Vitamin E supplementation of human macrophages prevents neither foam cell formation nor increased susceptibility of foam cells to lysis by oxidized LDL

Several studies in macrophage cell lines, rodent macrophages, and animal models of atherosclerosis suggest that vitamin E may prevent the formation of foam cells. We tested this hypothesis in a recently developed, fully autologous in vitro model of human foam cell formation. During maturation, macrophages continuously increased their alpha-tocopherol/total cholesterol ratio, demonstrating that these cells accumulate alpha-tocopherol at an even higher rate than cholesterol. In the presence of unsupplemented serum, we observed no correlation between serum vitamin E levels and the increase in the cellular alpha-tocopherol/total cholesterol ratio. In contrast, under supplemented conditions, a 3.1-fold increase in the mean serum alpha-tocopherol/total cholesterol ratio resulted in a corresponding mean 3.5-fold increase in the cellular alpha-tocopherol/total cholesterol ratio. Vitamin E loading had no effect on the lipid composition of macrophages and did not affect their growth. Foam cell formation was stimulated in mature unsupplemented and vitamin E-loaded macrophages for 1 week with 50 microg autologous aggregated low density lipoprotein (LDL) in the presence of unsupplemented and vitamin E-loaded serum, respectively. We observed no effect of vitamin E supplementation on the formation of foam cells. However, foam cell formation resulted in a 36% and 44% reduction in the cellular alpha-tocopherol/total cholesterol ratio in unsupplemented and vitamin E-supplemented foam cells, respectively. The loss of vitamin E was accelerated with increasing concentrations of aggregated LDL and was accompanied by an increase in the susceptibility of these foam cells to succumb to the cell lytic effects of oxidized LDL (OxLDL).
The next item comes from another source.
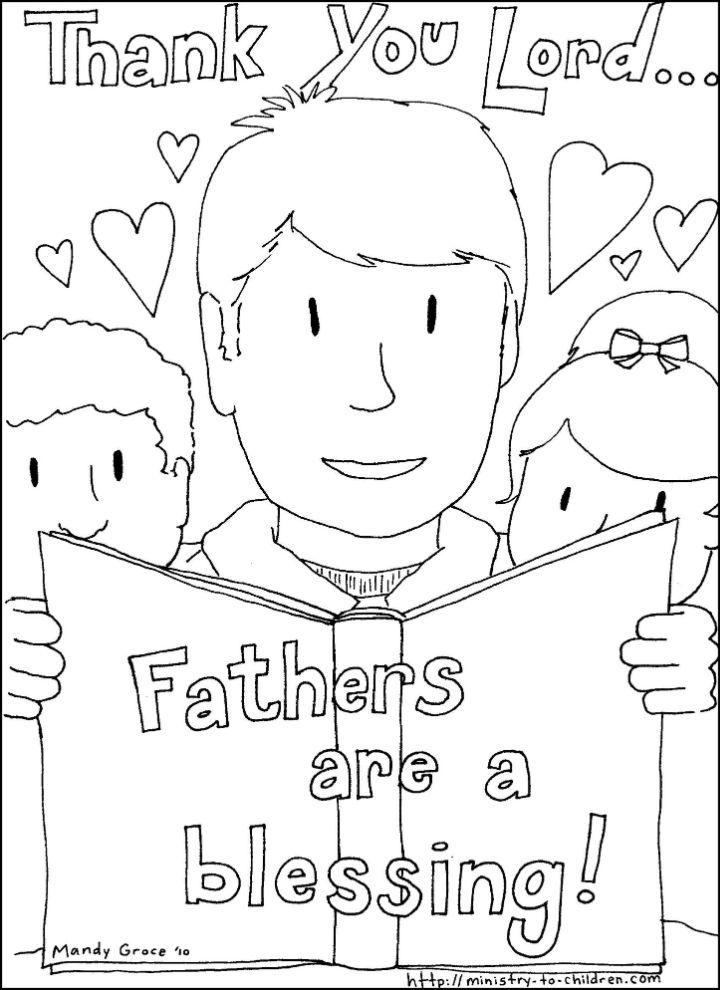 Fathers Day Coloring Book Pages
However, vitamin E supplementation did not protect macrophages or foam cells from OxLDL-mediated cell lysis, suggesting that vitamin E loss in foam cells is not the cause of their increased susceptibility to cell lysis. Our results suggest that the beneficial effects of vitamin E on cardiovascular disease observed in humans are due neither to a reduction in the propensity of macrophages to form foam cells nor to an increased resistance of these cells to cytolytic OxLDL.
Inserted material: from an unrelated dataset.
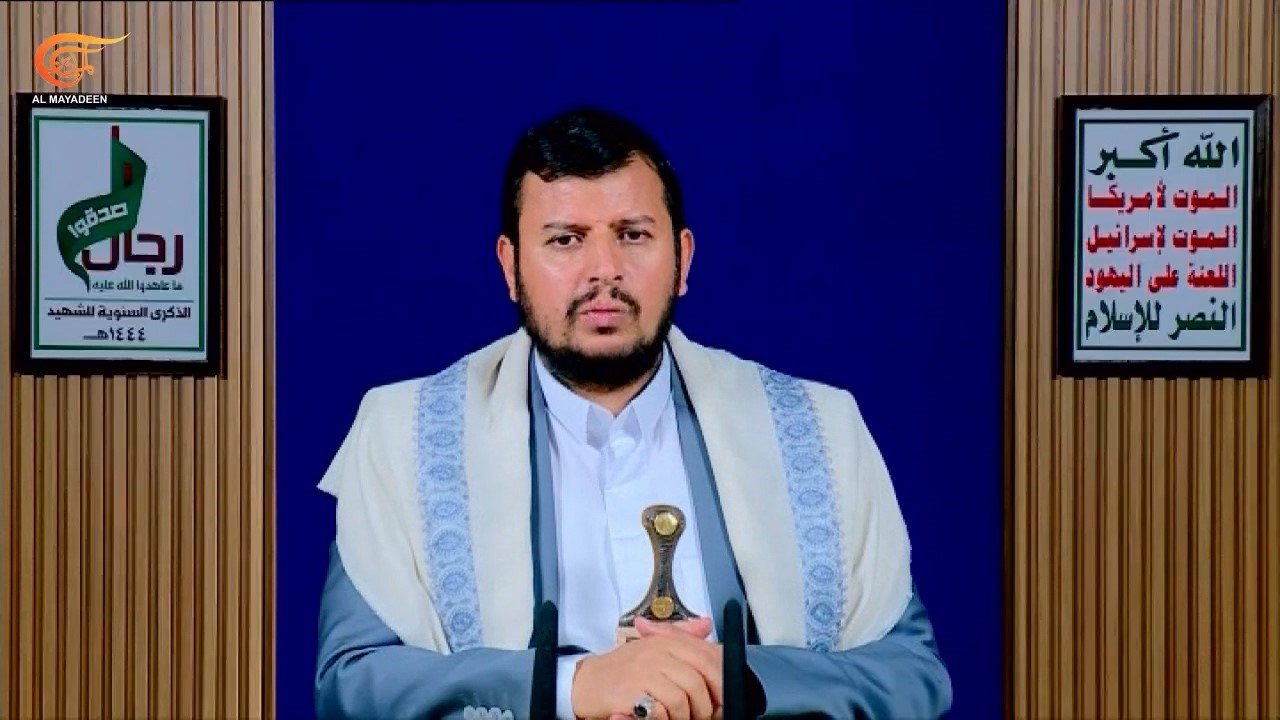 قائد حركة أنصار الله عبد الملك بدر الدين الحوثي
Large variations in human foam cell formation in individuals: a fully autologous in vitro assay based on the quantitative analysis of cellular neutral lipids

The transformation of monocyte-derived macrophages into lipid-laden foam cells constitutes a characteristic and crucial event in the development of the earliest atherosclerotic lesions. We investigated whether the propensity to form foam cells varies among individuals. We developed a fully autologous foam cell assay based on a recently developed novel culture technique for human monocyte-derived macrophages (Wintergerst ES, Jelk J, Asmis, R. Differential expression of CD14, CD36 and the LDL receptor on human monocyte-derived macrophages. A novel cell culture system to study macrophage differentiation and heterogeneity, Histochem. Cell Biol. 1998;110:231-241). Thin layer chromatography and laser densitometry were used to determine cholesterol, triglyceride and cholesteryl ester levels in human macrophages. Aggregated LDL obtained by vortexing was found to be a reproducible stimulus of foam cell formation in human macrophages. In our hands, Cu(2+)-oxidized LDL also induced cholesteryl ester accumulation, but only when vortexed. We found that foam cell formation in an individual varied by less than 25% over a 10-month period. In contrast, we observed a sevenfold difference in foam cell formation among eight male volunteers. The transfer of foam cells into culture medium with freshly thawed autologous serum resulted in a 75% regression within 1 week, independent of the amount of cellular cholesteryl esters accumulated. Foam cell formation correlated neither to serum nor to cellular cholesterol and triglyceride levels. The propensity to form foam cells could therefore represent a novel indicator of individual risk of atherogenesis.